January 11, 2023 by Anthony King Ho

Machine learning is a subset of AI that allows a machine to learn using past data. Learn about the two categories of machine learning as well as four major machine learning models often used in industrial applications.

Years ago, when we heard of artificial intelligence (AI), we often associated it with academic research or NASA technology. But today, AI is tightly integrated into our daily lives, sometimes even without us realizing their existences. 

When we wake up in the morning and unlock our phones by using Apple’s FaceID, AI uses algorithms to compare our faces with what it stored (facial recognition). When we are ready for breakfast, the house is already cooling down with the home’s smart thermostat. Food will never run out because of the smart refrigerator. AI is used to learn about our personal preferences and habits to adjust the room temperature and prepare for our grocery shopping list (adaptive learning). 

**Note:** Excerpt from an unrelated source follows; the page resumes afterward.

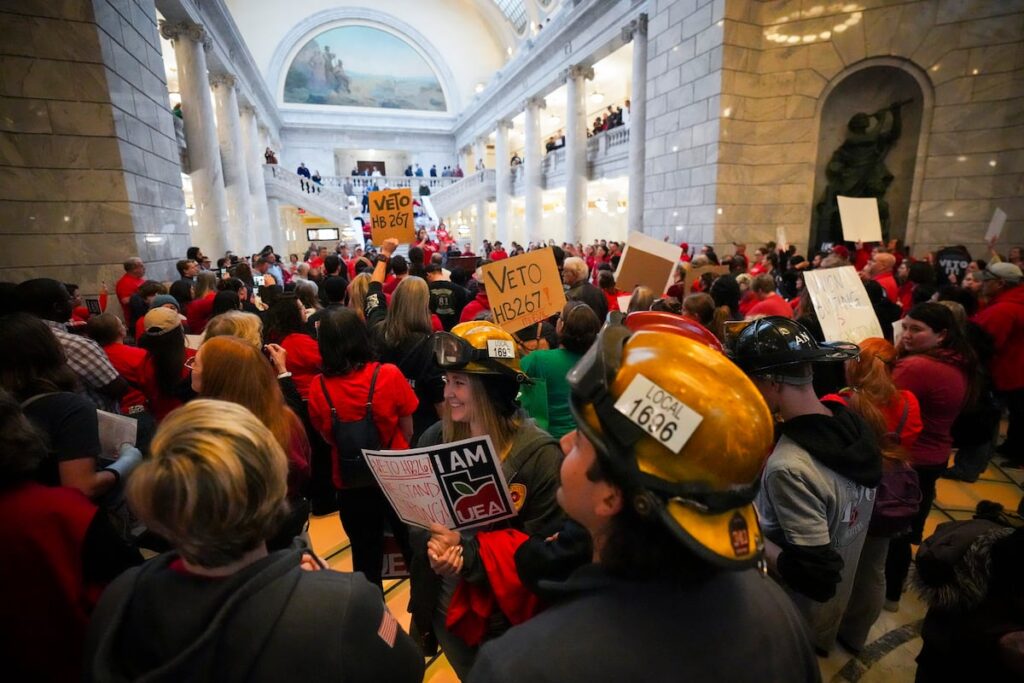 Labor groups want voters, not GOP lawmakers, to decide fate of bargaining ban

When we drive to work, Google Maps gives us the fastest route and monitors the real-time traffic (neural network). After a day of work, we can talk to Alexa (speech recognition) and ask for a recommendation for a movie. Netflix then starts streaming based on our past viewing history (decision trees). Without a doubt, AI is embedded in our daily lives.

 

Machine Learning - Supervised vs Unsupervised

Machine learning is a subset of AI that allows a machine to automatically learn using past data without the need to use complex mathematics or program in every scenario. There are two categories of machine learning, supervised learning and unsupervised learning. Let’s first take a look at the difference between them.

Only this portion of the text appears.